Maia Ardalla, Producer: Schools and Young People at V&A East, discussed the museum’s new engagement programme, which champions creativity for the 21st century via two specific theoretical values that closely draw on East London’s identity. The transhistorical perspective focuses on a thematic and contemporary lens of the V&A collection and wider global creative practices, and the transcultural supports a creative programme that is diverse, plural and people-centric. These new curatorial methodologies allow a decolonising reading of cultural collections that, in turn, grant a new canon to be born. This can disseminate into the education and creative branches of the museum, which has a direct impact on its visitors and local residents. Drawing from the existing lived experiences of the residents and direct audience consultation, the programme can move away from old museology and create new perspectives on museum access, learning and public uses.
 
V&A East are working closely with the GLA in producing a long-term cultural strategy that puts public access at the fore. The GLA have an important role in the development of these institutions.
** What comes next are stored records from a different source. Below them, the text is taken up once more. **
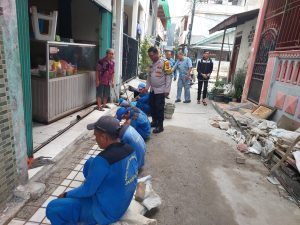 Bhabinkamtibmas Kelurahan Sumur Batu Melaksanakan Kegiatan Sambang dialogis dan Cooling sistem jelang Pilkada 2024.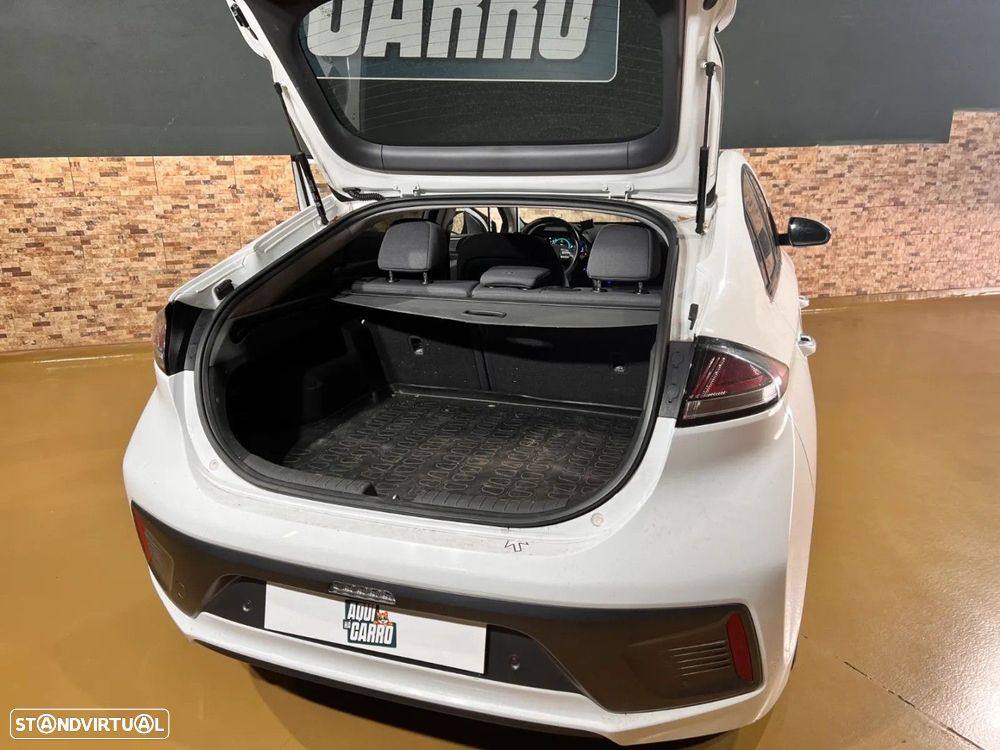 Hyundai IONIQ 1.6 GDI PHEV — fotografia 16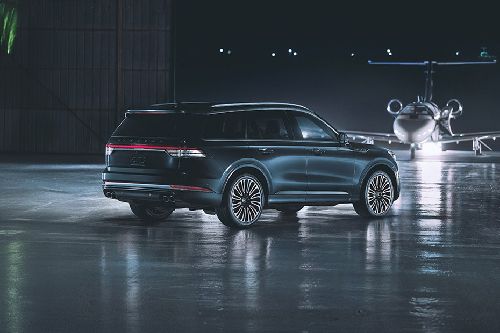 Rear Cross Side View of Lincoln Aviator (2023-2024)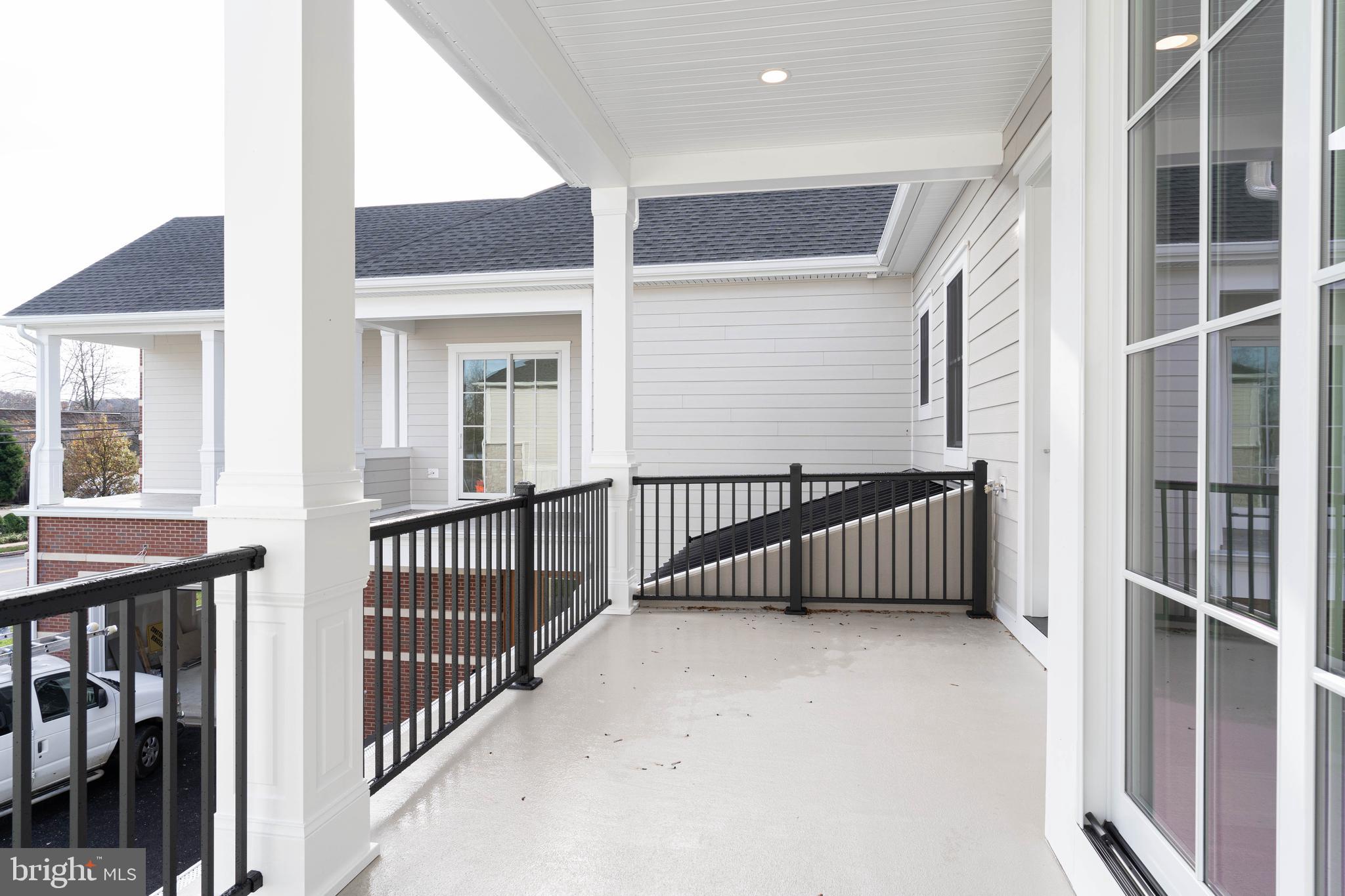 155 N Main STREET Unit: 6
Nurturing these partnerships and making sure these institutions are interacting and supporting each other is crucial to their long-term relationship, says Joseph Henry, Capital Development Manager in the Culture and Creative Industries Unit at GLA. However, the cultural richness and job opportunities created need to be felt across a wider reach that goes beyond the two-mile radius of East Bank. 
 
Dave Hill, founder and editor, On London, highlighted the need for another cultural centre that is accessible to East London, compared to the current cultural district condensed across “Albertopolis”, exhibition road and South Kensington, and one that can mirror and celebrate its local cultural scene. 
 
From an LLDC perspective, Vivian Murinde, Head of Inclusive Growth and Skills, discussed how these institutions have created a crucial opportunity to diversify their workforce, and through training programmes and engagement with local talent, jobs have already been created even before the sites are complete, opening invaluable career trajectories in the arts and culture sectors.   
 
We look forward to following these institutions and their impact on East London's regeneration over the next three years.